Pourrais-tu te présenter à nos lecteurs qui ne te connaissent pas ?
Je m'appelle Katsumi. c'est un prénom japonais très courant. Je l'ai
trouvé en cherchant dans des mangas, il y a un personnage qui s'appelle
Katsumi Liqeur. Mais en réalité je suis d'origine franco-vietnamienne.
J'ai 26 ans. Je suis actrice porno depuis presque 5 ans et j'adore ce
que je fais ! Pour ceux qui veulent en savoir plus sur moi je leur
recommande le reportage qui a été fait sur moi sur MCM et qui continue
d'être diffusé.
Dans quelles circonstances es-tu rentrée dans le X, est-ce que le pas a été facile à franchir ?
Ohlala... J'en ai marre de cette question ! J'allais te dire de te diriger vers mon site (www.clubkatsumi.com)
qui comporte une bio et toutes mes interviews où je réponds à cette
question, mais malheureusement il n'est pas encore en ligne !

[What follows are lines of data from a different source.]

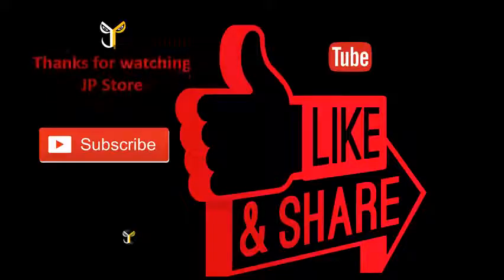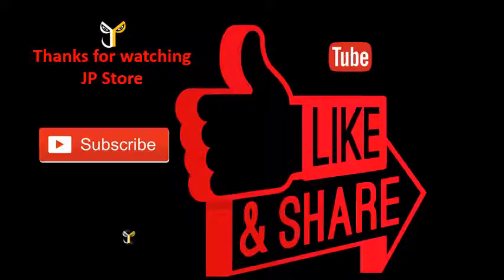Thanks for watching JP Store. Please do subscribe, like, and share.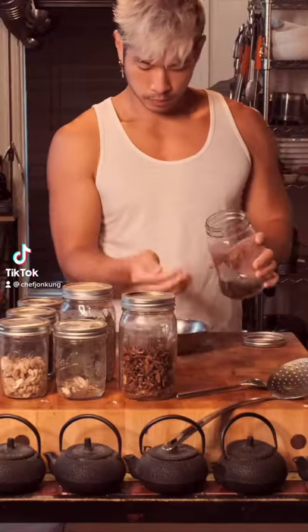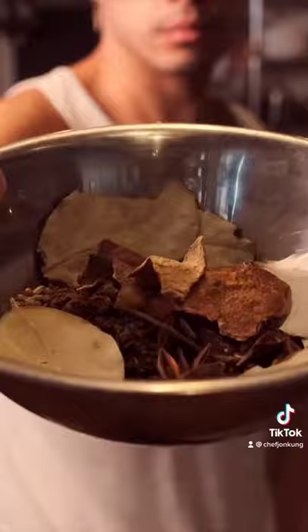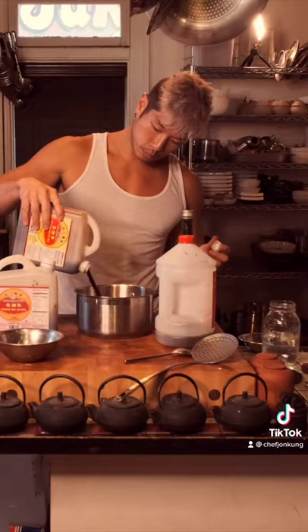Master stock isn't meant for drinking. It's a very concentrated and heavily seasoned stock filled with spices, soy sauce, wine, and broth. You cook and braise meats in it. The point is to keep as much of the stock as you can so that you can use it over and over again.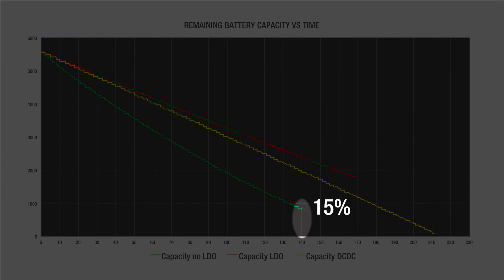The direct connect leaves 15% of energy remaining, but the DC-DC only leaves one percent. That's it for today — stay tuned and subscribe to our channel.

Bon, pour résumer : j'avais 21 ans, j'étais d'un côté désenchantée par
le monde en général, mes études, et me sentais appelée à faire quelque
chose mais je ne savais pas quoi, j'attendais en quelque sorte un «
signe du destin ». De l'autre j'étais avec un petit copain avec qui je
bossais dans le milieu de la nuit et qui m'a initiée aux relations
sexuelles à plusieurs, aux films pornos.... Quand j'ai donc rencontré
le magazine Penthouse
et qu'il m'a proposé de tourner, j'étais « réceptive ». J'ai le goût du
jeu et du défi. J'ai donc essayé un premier tournage, ça m'a beaucoup
plu... 6 mois plus tard je signais un contrat d'exclu et commençais
doucement ma carrière. BREF. Ça s'est passé dans des circonstances
plutôt saines, naturelles et non, le pas n'a pas été difficile à
franchir car j'ai commencé progressivement et c'était vraiment mon
choix (pas celui de mon copain !).
Encore trop de gens considèrent les hardeuses comme des salopes et jugent sans savoir. Dans quelle mesure cela te touche ?

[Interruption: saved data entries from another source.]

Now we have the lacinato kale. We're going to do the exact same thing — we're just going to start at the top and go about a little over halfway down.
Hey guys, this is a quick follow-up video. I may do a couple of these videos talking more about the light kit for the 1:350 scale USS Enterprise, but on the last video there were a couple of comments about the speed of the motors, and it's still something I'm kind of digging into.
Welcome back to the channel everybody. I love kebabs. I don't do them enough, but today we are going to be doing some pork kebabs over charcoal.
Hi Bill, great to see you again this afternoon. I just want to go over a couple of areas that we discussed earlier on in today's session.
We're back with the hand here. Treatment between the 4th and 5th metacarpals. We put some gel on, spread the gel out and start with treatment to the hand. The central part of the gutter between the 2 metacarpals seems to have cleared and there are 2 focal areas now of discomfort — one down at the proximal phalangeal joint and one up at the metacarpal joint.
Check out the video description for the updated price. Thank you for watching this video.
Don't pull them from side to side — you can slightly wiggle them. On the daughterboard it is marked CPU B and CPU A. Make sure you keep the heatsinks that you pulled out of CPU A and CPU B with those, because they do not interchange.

Je dis toujours : salope oui, mais à temps partiel ! Pour être franche,
en ce qui me concerne, je reconnais être une salope... mais au lit
uniquement ! Et dans ce sens je ne trouve pas ça péjoratif, au
contraire. Ce qui me désespère c'est le fait que les gens ne puissent
pas comprendre qu'il y a un temps pour chaque chose. Je peux très bien
adorer me faire « prendre en double », et être pudique sur une plage !

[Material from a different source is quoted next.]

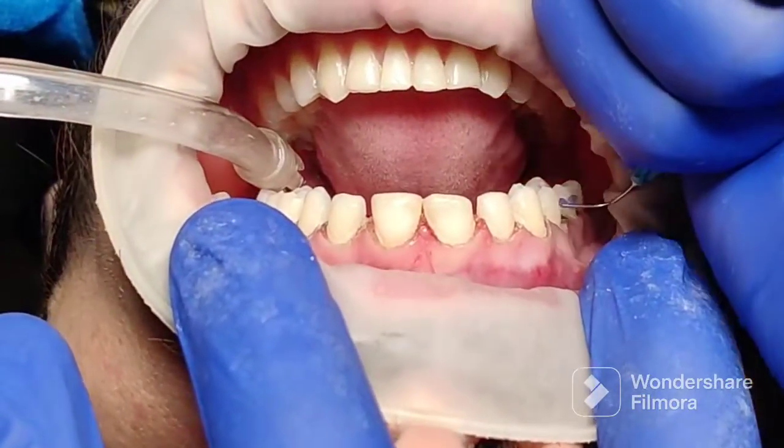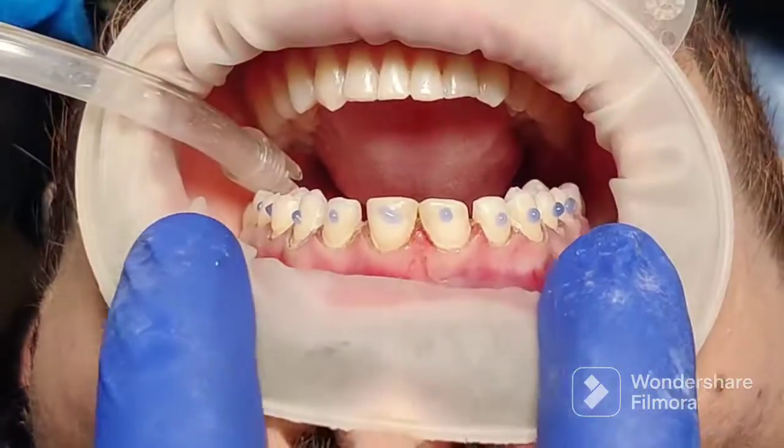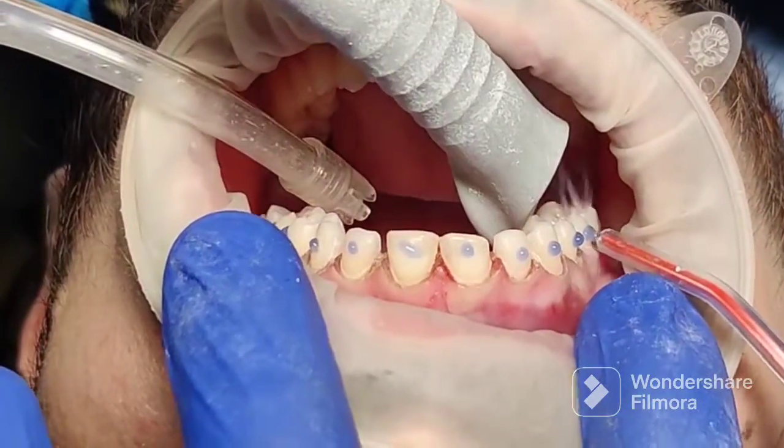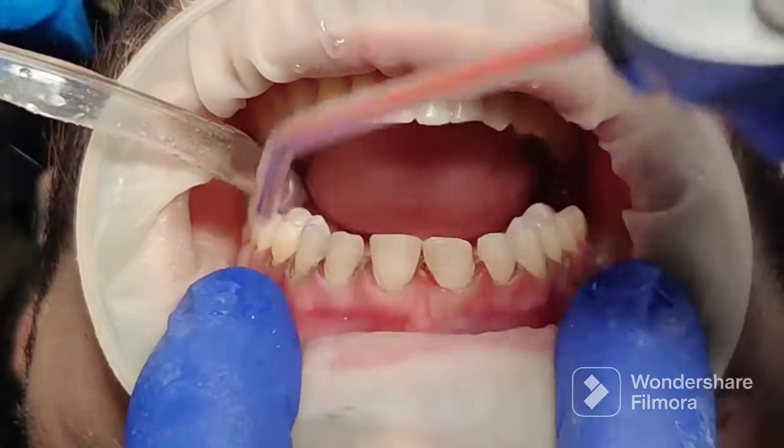Welcome to another video. I'm going to show you how to make temporary veneers at the end of the appointment, when you have completed the tooth preparation and the scan or impression. The first step is to etch the tooth.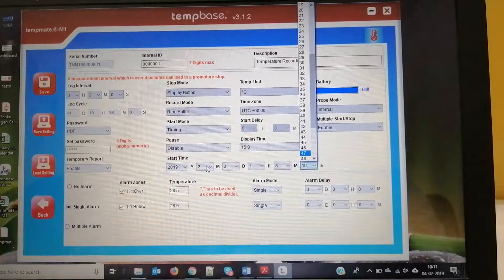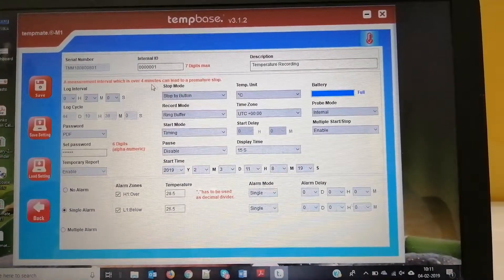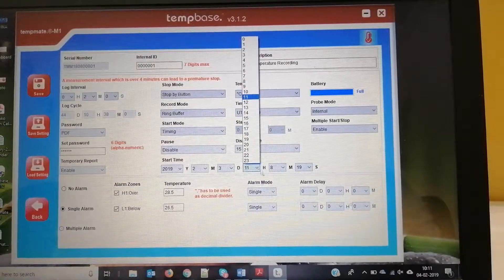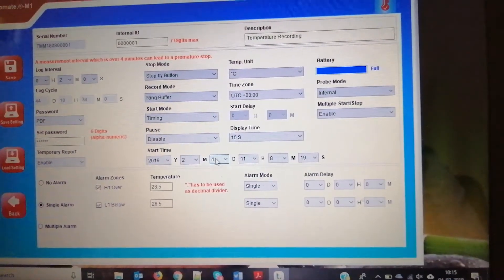The start time is less than the current time so the settings are not saving, as the date was set to the third but today is the third.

L'actrice est exhib, sexy, nympho... et la femme est comme toutes les
autres avec ses peurs et ses complexes. Je ne compte pas toujours sur
l'intelligence du public et tant que j'aime ce que je fais à vrai dire
je me fous des critiques. Mais je suis touchée si on m'insulte ou qu'on
m'attaque directement, ce qui est extrêmement rare d'ailleurs ! Je ne
demande pas l'amour des gens, je demande juste le respect, et donc ne
pas être cataloguée puis condamnée à cause de ma profession, car oui,
c'en est une.
La
récente médiatisation des stars du X est-elle à ton avis positive,
quand on voit que dans certaines émissions, elles passent pour de
ravissantes idiotes ?
Je ne pense pas qu'elle soit si récente. Il me semble que Tabatha Cash,
Laure Sinclair et Rocco avaient eu leurs heures de gloire. Mais il est
vrai que depuis le phénomène Clara Morgane il y a sans doute plus
d'actrices X sur les plateaux-télé que sur les plateaux de tournage !
Je pense que la médiatisation n'est bonne que si elle est faite
intelligemment. Se montrer oui, mais pas n'importe où, n'importe
comment. Les médias ne choisissent pas toujours les meilleures
représentantes du X et j'ai parfois honte de mon milieu en voyant le
comportement de certaines actrices. Certaines filles n'ont pas trop de
jugeotte et surtout, elles ne sont pas préparées à faire de la télé,
elles débarquent et se font massacrer. C'est cruel de la part des
présentateurs mais c'est malheureusement le jeu des médias. Bref, on
peut être bon dans son métier et ne pas savoir en parler ; dans ce cas
il vaut mieux s'abstenir. C'est aux actrices de faire les bons choix,
c'est leur image mais aussi toute la réputation du porno qu'elles
mettent en jeu, car les gens généralisent. C'est une sacrée
responsabilité.
Comment décrirais-tu ta vie sexuelle en dehors des caméras ? Ta libido est-elle touchée par ton métier ?!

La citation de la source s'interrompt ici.